WHAT YOU ARE ASKED TO DO :: Using the data below, restate exactly every line from the one with "Bobcat T870 Crawler loaders" up to and including the one with "Debutó con 38". No picture belongs in it.

DATA SUPPLIED ::
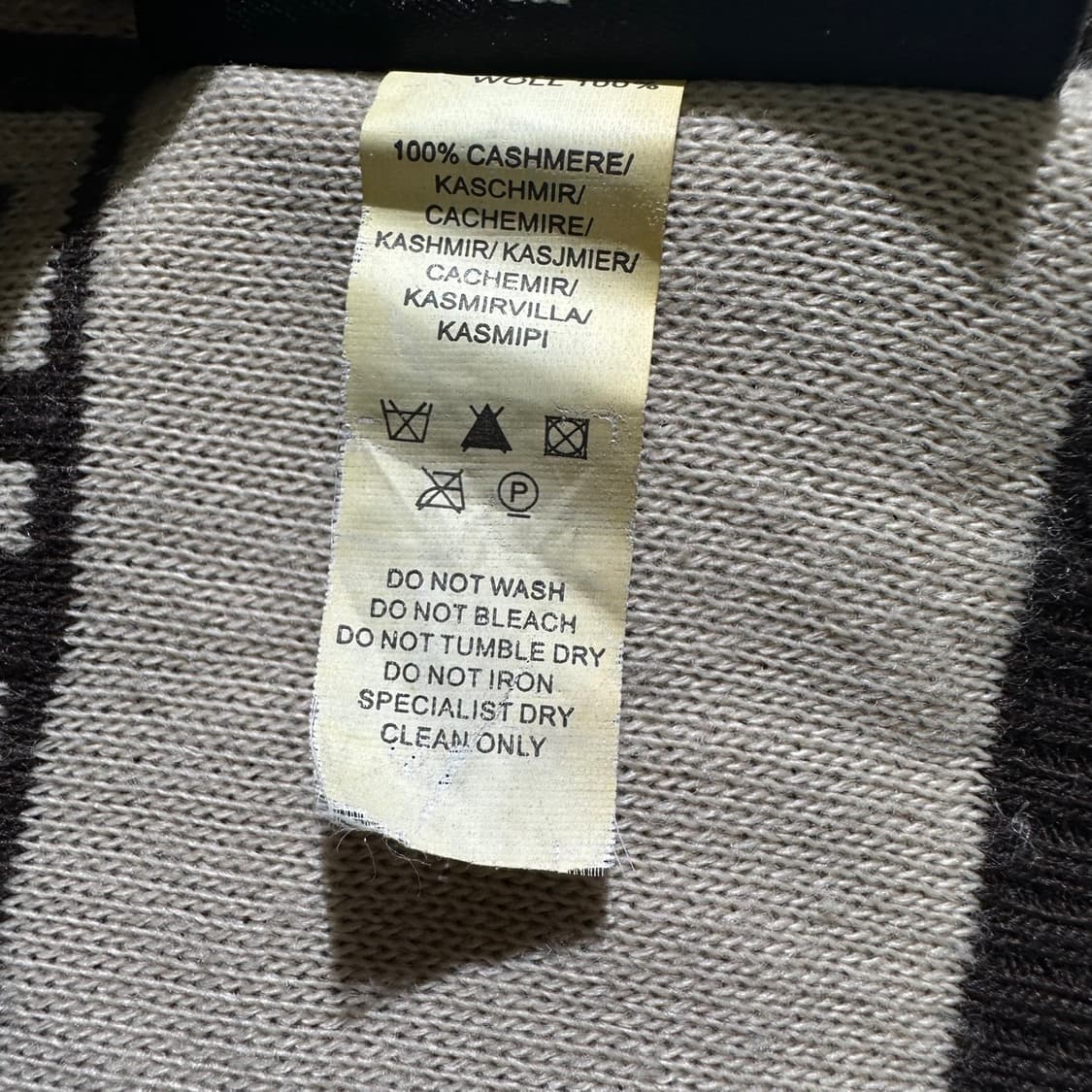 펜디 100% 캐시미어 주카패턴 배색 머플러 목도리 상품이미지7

==

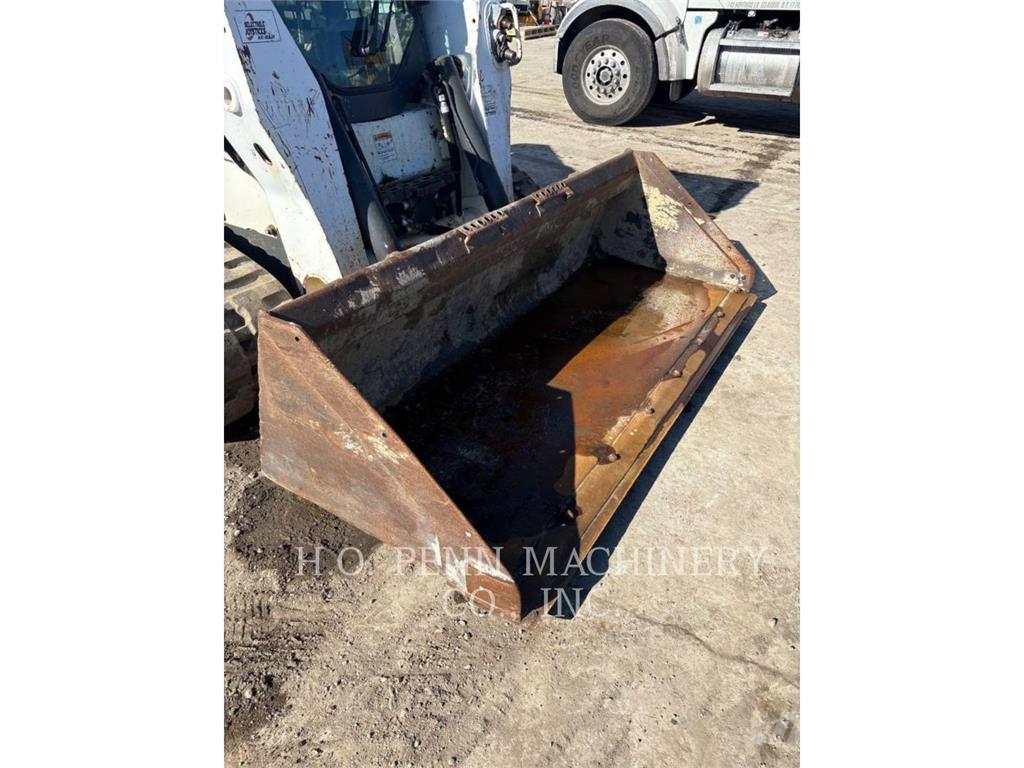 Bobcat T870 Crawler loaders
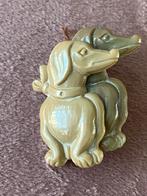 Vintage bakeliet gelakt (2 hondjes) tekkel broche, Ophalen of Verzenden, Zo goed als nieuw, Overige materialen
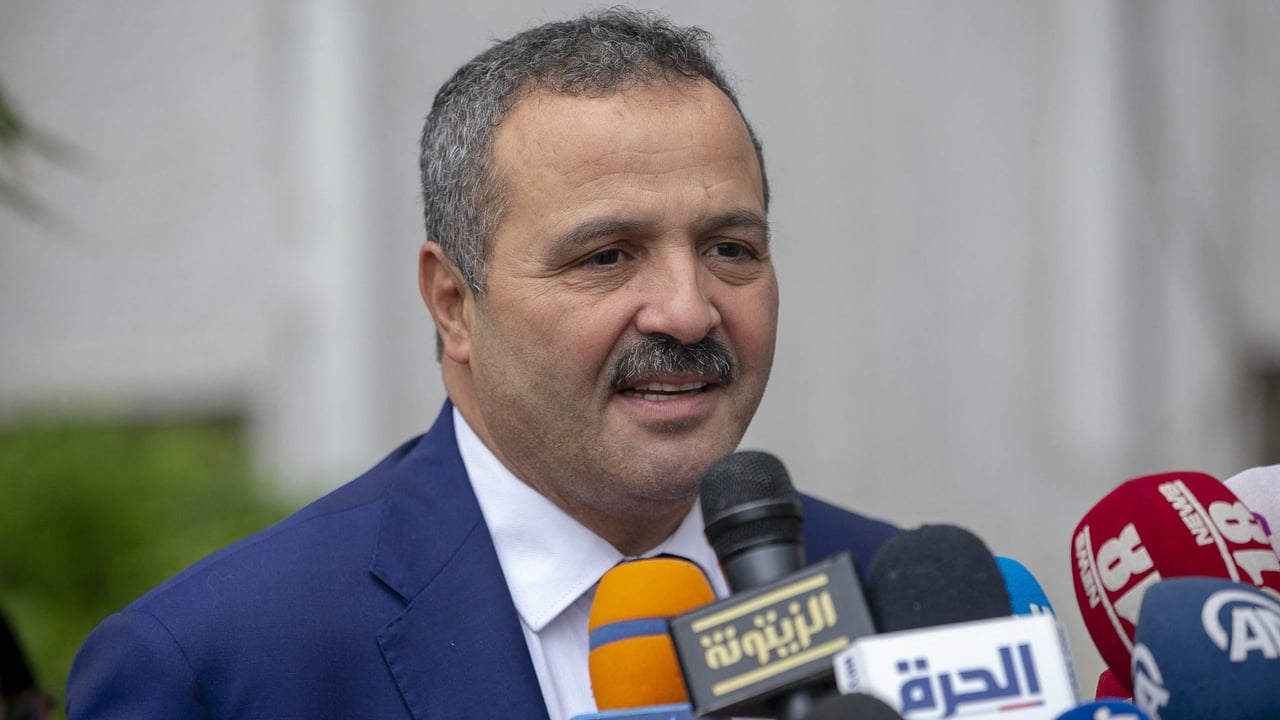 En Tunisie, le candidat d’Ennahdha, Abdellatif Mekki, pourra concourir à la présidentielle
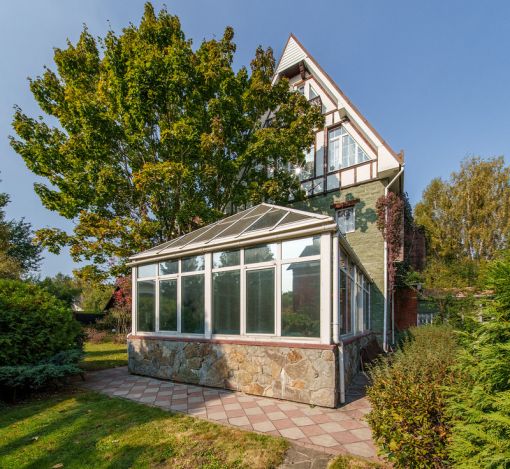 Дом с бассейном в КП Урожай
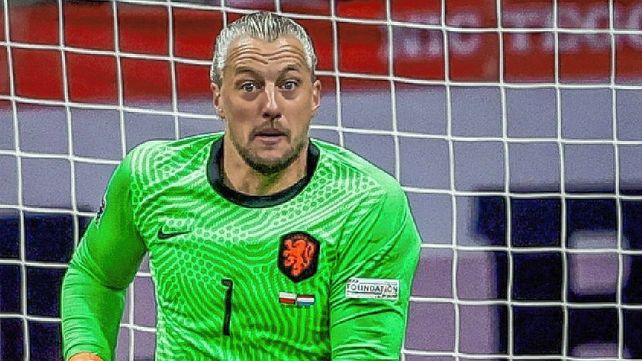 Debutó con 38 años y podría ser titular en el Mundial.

EXERCISE RESULT ::
 Bobcat T870 Crawler loaders
 Vintage bakeliet gelakt (2 hondjes) tekkel broche, Ophalen of Verzenden, Zo goed als nieuw, Overige materialen
 En Tunisie, le candidat d’Ennahdha, Abdellatif Mekki, pourra concourir à la présidentielle
 Дом с бассейном в КП Урожай
 Debutó con 38 años y podría ser titular en el Mundial.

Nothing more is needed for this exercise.